Monday, August 02, 2010

Marburying Obamacare

Remember the federal judge who took it upon herself to swat away parts of the Arizona immigration law this week? Well, there are other federal judges, too, and they like to play as well:

A judge on Monday refused to dismiss the state of Virginia's challenge to President Barack Obama's landmark healthcare law, a setback that will force his administration to mount a lengthy legal defense of the overhaul effort.

U.S. District Judge Henry Hudson refused to dismiss the state's lawsuit which argues the law's requirement that its residents have health insurance was unconstitutional, allowing the challenge to go forward.

The new law is a major cornerstone of President Barack Obama's domestic agenda and administration officials have vigorously defended it as constitutional and necessary to stem huge increases in costs for health care.
I try to be intellectually consistent about these things -- I didn't like the intervention against the Arizona law and I don't like this move any better. We are supposed to have separation of powers in this country, along with checks and balances that prevent any of the three branches of government from gaining an advantage.

At this point, it's awfully hard to see any real check on the judiciary. I'm not sure it does any good to complain about it -- Marbury v. Madison has been in place for over 200 years now. Still, it makes me uncomfortable when federal judges play God, even if we have enabled such behavior for centuries.

8 comments:

K-Rod said...

But the Judge didn't strike down parts of Obamacare.

Refusing to dismiss the challenge doesn't seem quite the same as actually changing Arizona legislation.
A judge having such line-item-overrule power can drastically change a law and its intent.

Bike Bubba said...

I'm comfortable with judges striking down laws, as long as the rationale are truly in the Constitution. Too often, especially in the Warren court (Roe), they were not.

Anonymous said...

The diff is that Obamacare's mandate is clearly unconstitutional, while the opposition to AZ's law hinges on what might, maybe, happen even though the law explicitly prohibits it.

Moonbats love to claim "apples and oranges" when they are getting spanked in debate, but this is the genuine article.

K-Rod said...

Well, Swiftee, you realize Obamacare might not be unconstitutional if you think "regulate interstate commerce" is the same as "mandate commerce".

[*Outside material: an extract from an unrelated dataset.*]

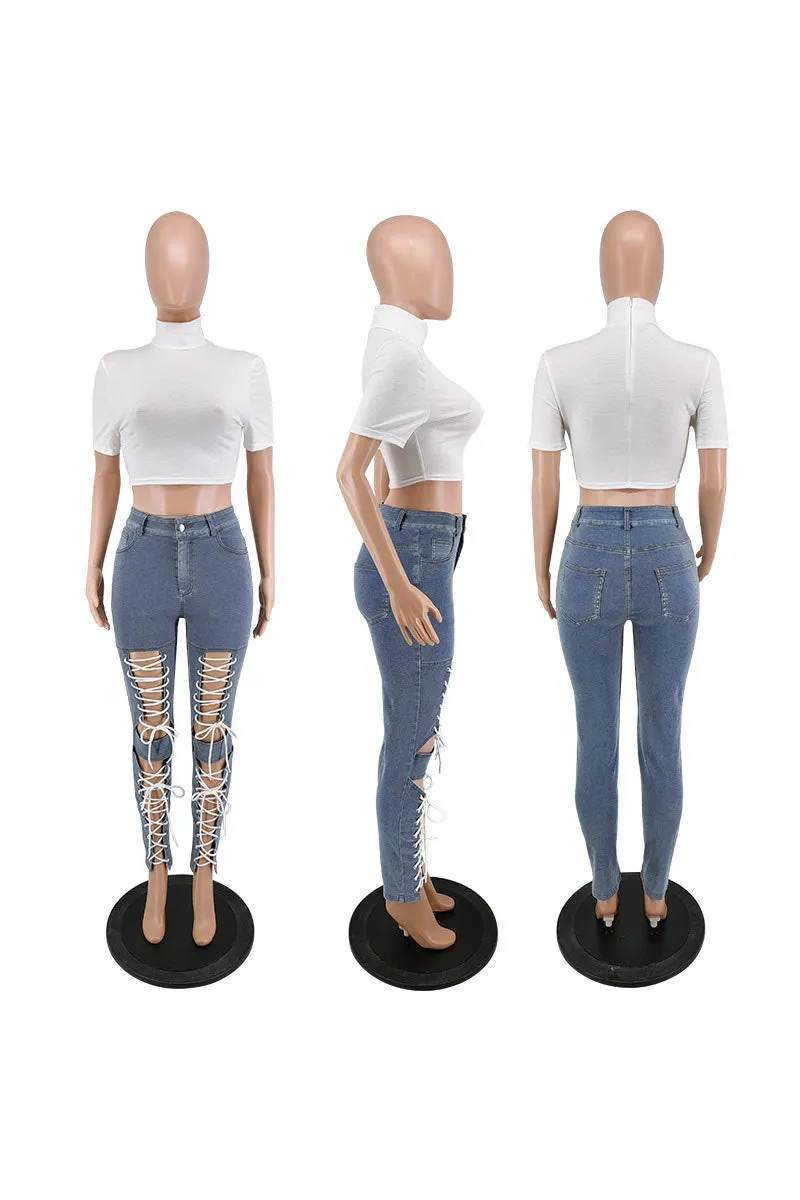 PN0316 Lace Down Denim Jeans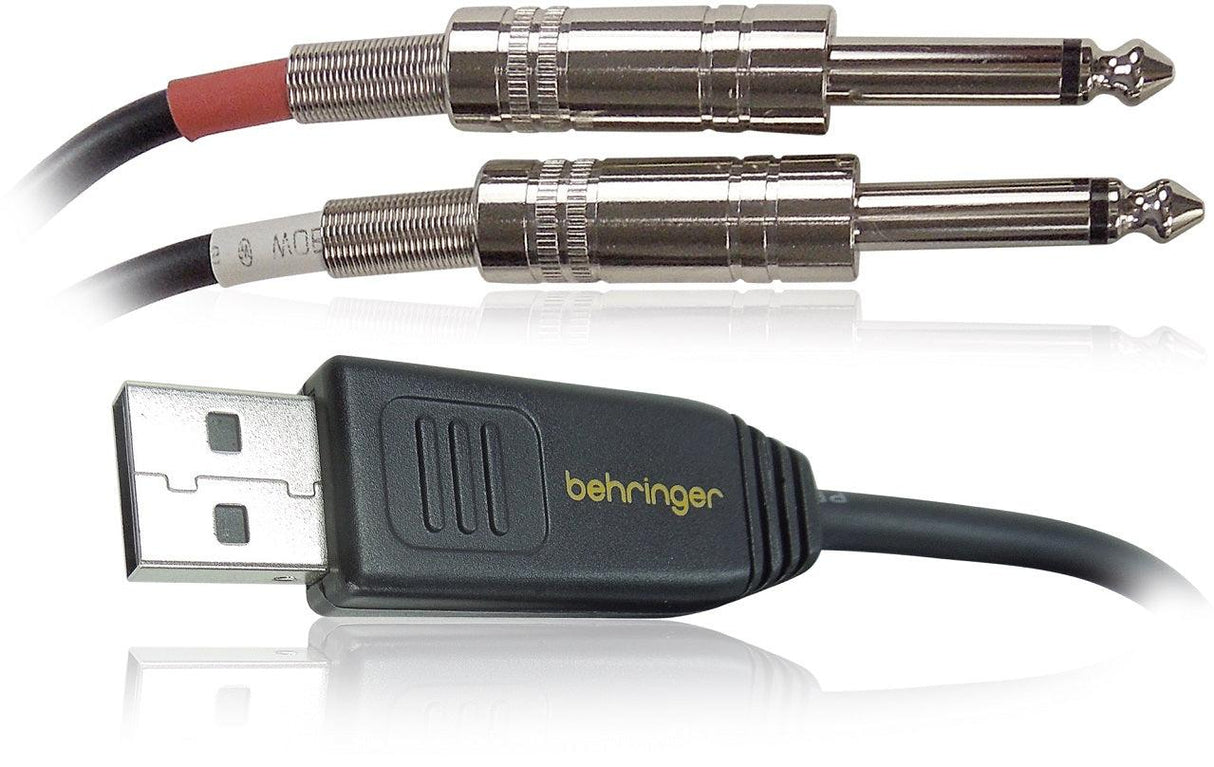 BEHRINGER LINE 2 USB INTERFACCIA AUDIO USB - 2 JACK 6.35MM 2 METRI 44.1/48 KHZ PER CHITARRA LINE2USB PLUG & PLAY PC MAC DAW - TechSoundSystem.com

Never underestimate the ability of a Liberal Fascist to rationalize; especially when it comes to the definition or redefinition of words.

Anonymous said...

That's true, KR, but since this is a blog written by and for conservatives, I'm making an intellectual argument and skipping over the brain bruisingly ignorant leftist POV.

K-Rod said...

And since this is not a lefty blog, there is not much of a need for us to mock them, unless they rear their liberal talking points.
Refreshing indeed!

So our intellectual argument stands, as usual.

Nice to see you post here, Swiftee.

Mr. D certainly has some solid POVs! And 'teh liberals' here are not as stupidly rabid as they are in other blogs...

K-Rod said...

Mr. D, any comment on the differences in these decisions as I have expressed?

Mr. D said...

K-Rod,

I do understand the distinctions and my guess is that the challenges to the constitutionality of Obamacare could work on two separate levels -- the right of Virginia to make its own laws, and defend same, along with the question about mandating interstate commerce.

Where I have heartburn is that federal judges seem to have untrammeled power. If it were up to me, I'd give a lot more deference to the will of the legislature, even when the decisions a legislature makes are wrong-headed. I get to vote on the performance of my legislators. It's more of a philosophical observation, I guess.